Movies

‘12 Years a Slave’ wins top Toronto prize, solidifying Oscar lead

“12 Years a Slave” took the audience award at the Toronto International Film Festival on Sunday, confirming its position as the leader in Oscar’s Best Picture race. Some 11 previous winners of this prize (like last year’s “Silver Linings Playbook”) have received Best Picture nominations, with four of them, including “Slumdog Millionaire” and “The King’s Speech,” going on to win the top Oscar.
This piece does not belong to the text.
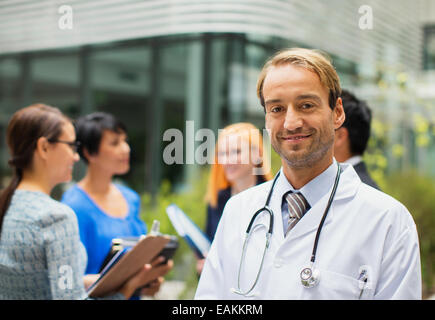 Portrait of smiling doctor wearing lab coat standing in front of hospital, women with clipboards in background Stock Photo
Inspired by the true story of a free Northern black man who is kidnapped and sold into slavery in pre-Civil War Alabama, “12 Years” was already considered the front-runner before winning this bellwether award because of early rave reviews highly praising the film, director Steve McQueen and star Chiwetel Ejiofor. It opens in limited release on Oct. 18.

Toronto does not give out juried awards like many festivals, so the audience award carries tremendous weight. The runners up for the prize were Stephen Frears’s “Philomena,” starring Judi Dench as a woman trying to track down a son she gave up for adoption many years earlier, due for release on Christmas Day; and Denis Villeneuve’s “Prisoners,” a kidnap revenge thriller with Hugh Jackman and Jake Glyllenhaal.

Festival-goers casting ballots preferred them to several other high-profile Oscar hopefuls, including Alfonso Cuaron’s “Gravity” space opera starring Sandra Bullock, and John Wells’ “August:: Osage County,” a stage adaptation headlined by Meryl Streep and Julia Roberts.

Sion Sono’s “Why Don’t You Play In Hell?” took the audience award for the festival’s Midnight Madness section, while Jehane Noujaim’s “The Square” won the audience award for documentaries.